I know some will say I’m shaving with a dull blade and the energy from Occupy has fallen down. Was it all merely just a righteous wave that finally broke and fell back to the sea? (to invoke Hunter Thompson). Or did the mainstream media kill it by raising the question of its death ad nauseum when we stopped getting beaten up by cops? I think it has a lot to do with the locality of the camps and having an aberration in the system that we could feel proud of. It should be obvious to anyone and *is* obvious to those that experienced it that the crucial impediment to its thriving was and is the extreme military-police response coupled with reporting that favored the police regardless of what really happened. But anyways…

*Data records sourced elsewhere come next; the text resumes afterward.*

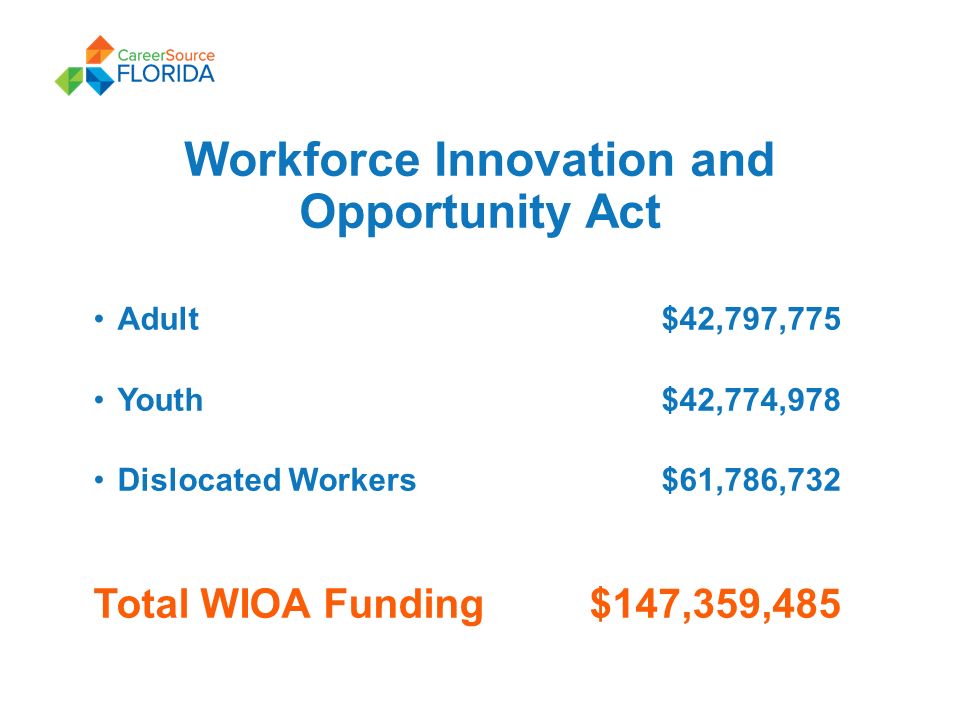 Workforce Innovation and Opportunity Act Adult $42,797,775 Youth $42,774,978 Dislocated Workers $61,786,732 Total WIOA Funding $147,359,485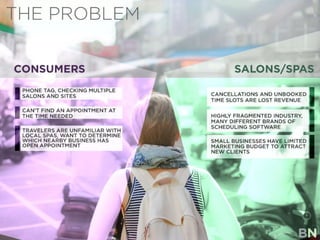 BeautyNow Pitch Deck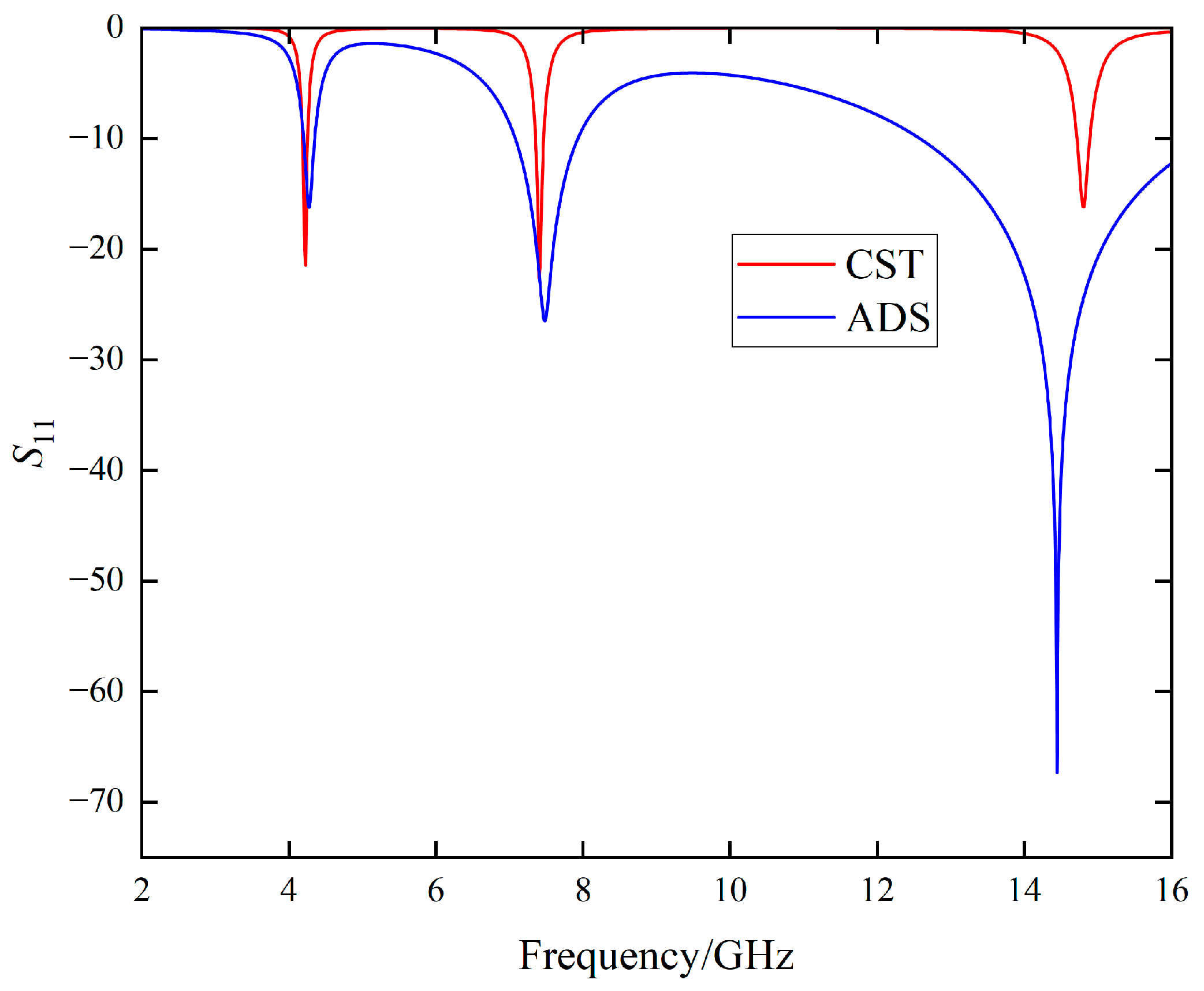Photonics 12 00386 g009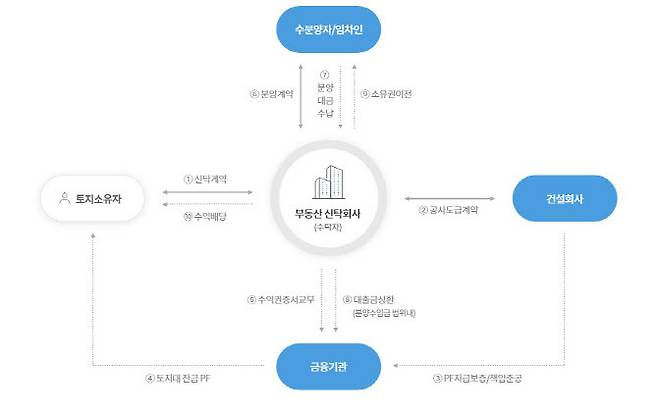 관리형토지신탁 사업구조도 (자료=우리자산신탁 홈페이지)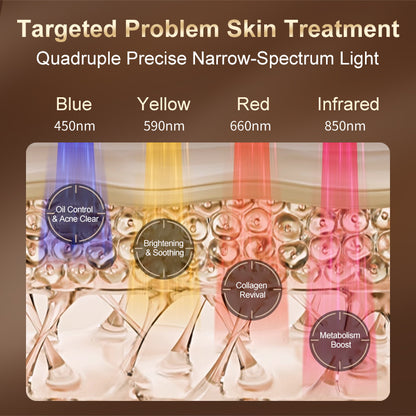 Leeko 2-in-1 LED Vanity Mirror & Advanced Skin Therapy Panel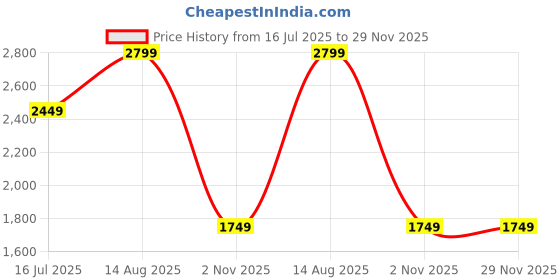 tatacliq.com Numero Uno Navy Regular Fit Sweatshirt numero uno Price History Graph from 16 Jul 2025 to 29 Nov 2025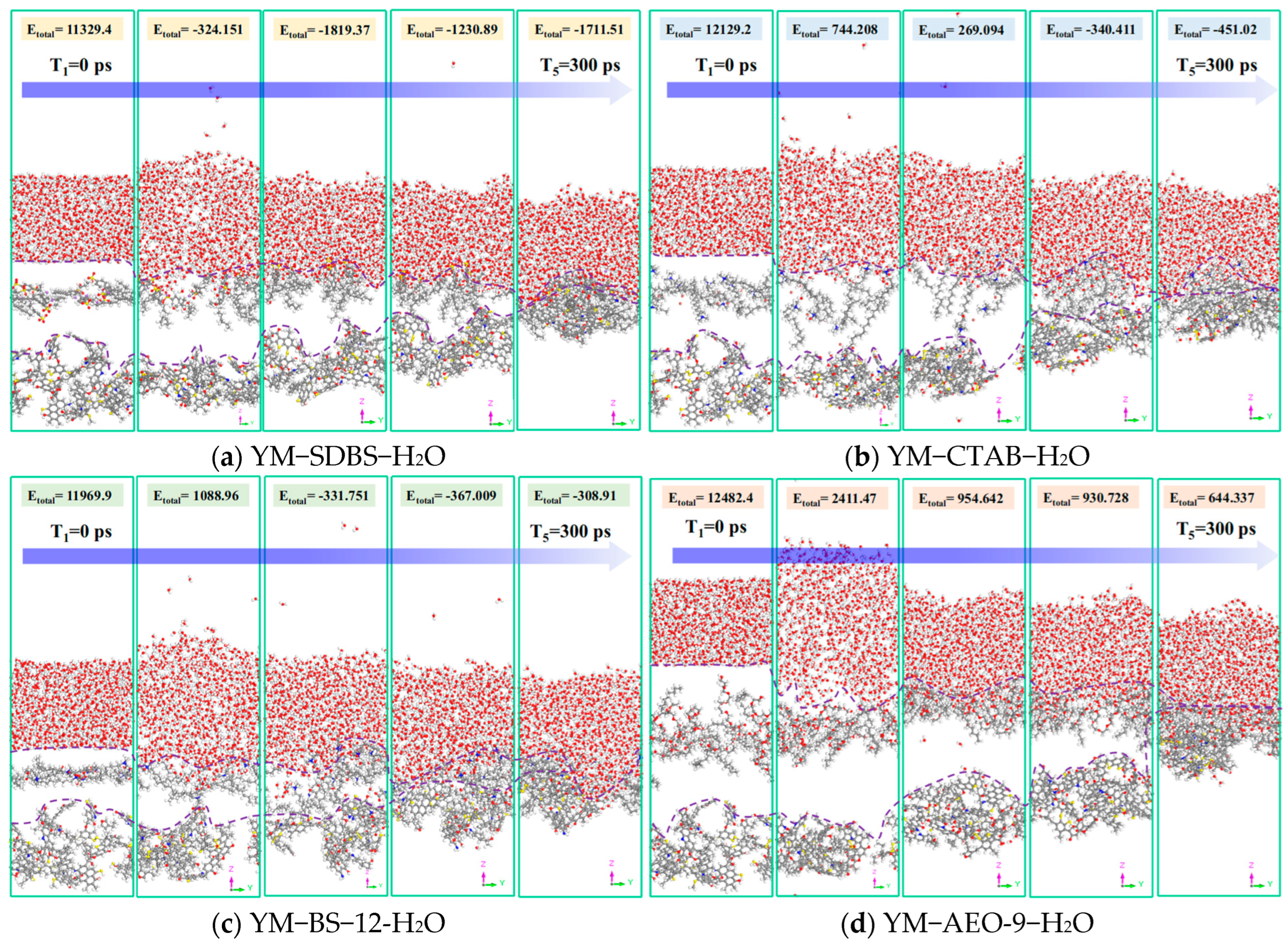 Coatings 16 01041 g006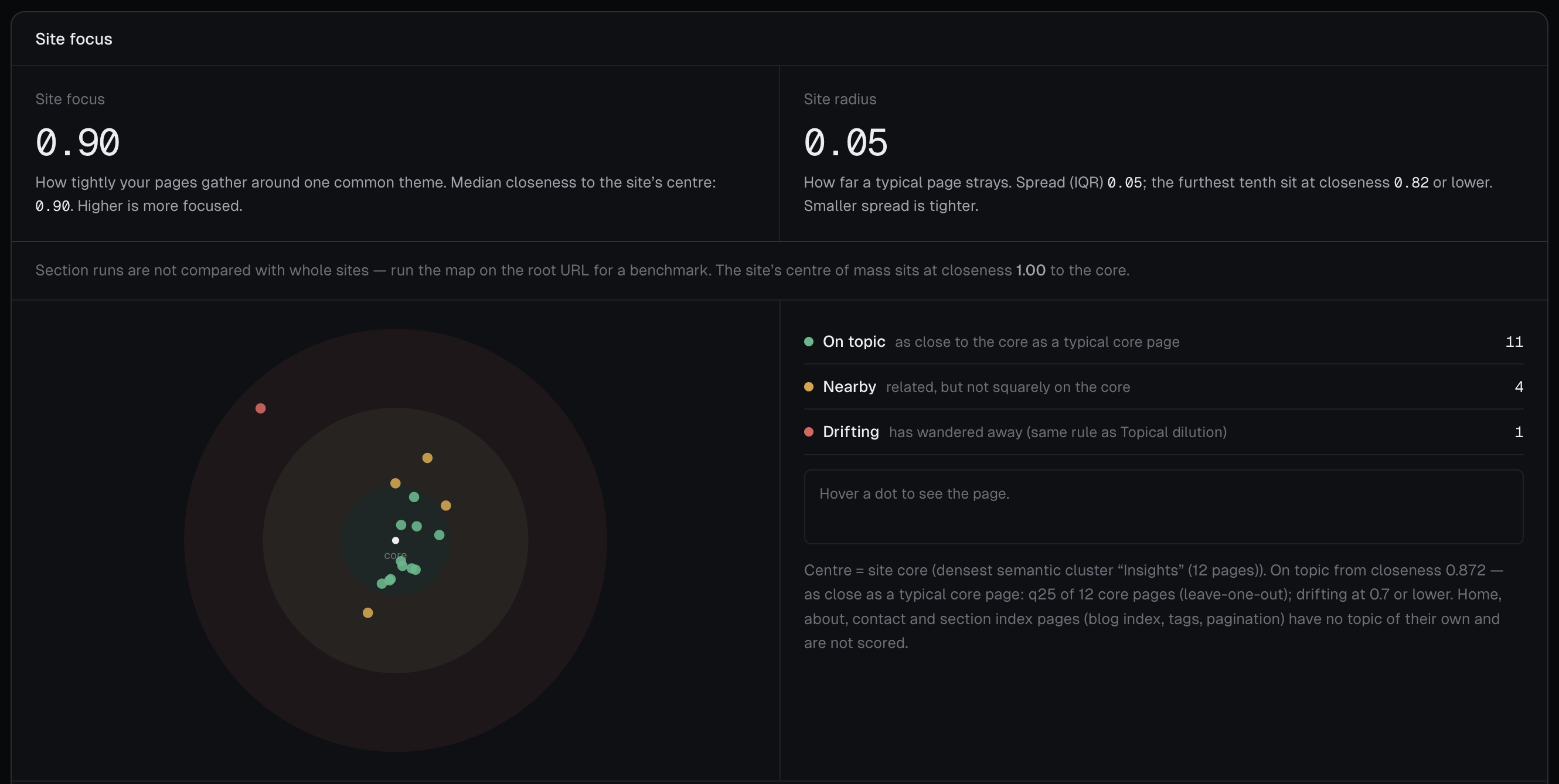 Site focus 0.90 and site radius 0.05: sixteen pages scored against a twelve-page core, eleven on topic, four nearby, one drifting; on-topic threshold at closeness 0.872, drifting at 0.7.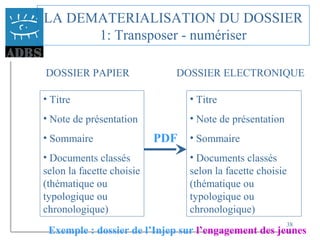 38
LA DEMATERIALISATION DU DOSSIER
1: Transposer - numériser
DOSSIER PAPIER DOSSIER ELECTRONIQUE
• Titre
• Note de présentation
• Sommaire
• Documents classés
selon la facette choisie
(thématique ou
typologique ou
chronologique)
• Titre
• Note de présentation
• Sommaire
• Documents classés
selon la facette choisie
(thématique ou
typologique ou
chronologique)
PDF
Exemple : dossier de l’Injep sur l’engagement des jeunes
 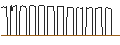 Intraday Chart für DZ BANK/PUT/BEIERSDORF/84/0.1/21.03.25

The materialist framework is a strong one in making positive headway against a Capitalism mangling the planet with an excessive production of commodities. The restrictions and demands it makes on people’s labour doesn’t simply “dehumanize” them but channels material flows (including bodies) in such a way as to close off the possibility of acting otherwise. Community building should not be an end in-itself when the existential threat of annihilation of life on the planet is looming predictably around the corner, and object-oriented ontologists are good at emphasizing this. However, without the illusory name or meme attachment connecting bodies to a place the materialist is left without the at least quasi-spiritual element that acts like the glue holding a force in shape. The occupy name itself is a kind of materialist-worthy logo: it really only means putting bodies in space with an emphasis on action.
Capitalism can no longer be confronted from without: its influence has spread all the way around the globe. A strategically effective resistance must be cultivated from within. I actually do think Tim Morton is onto something with The Ecological Thought but I’ll take to his work in later posts.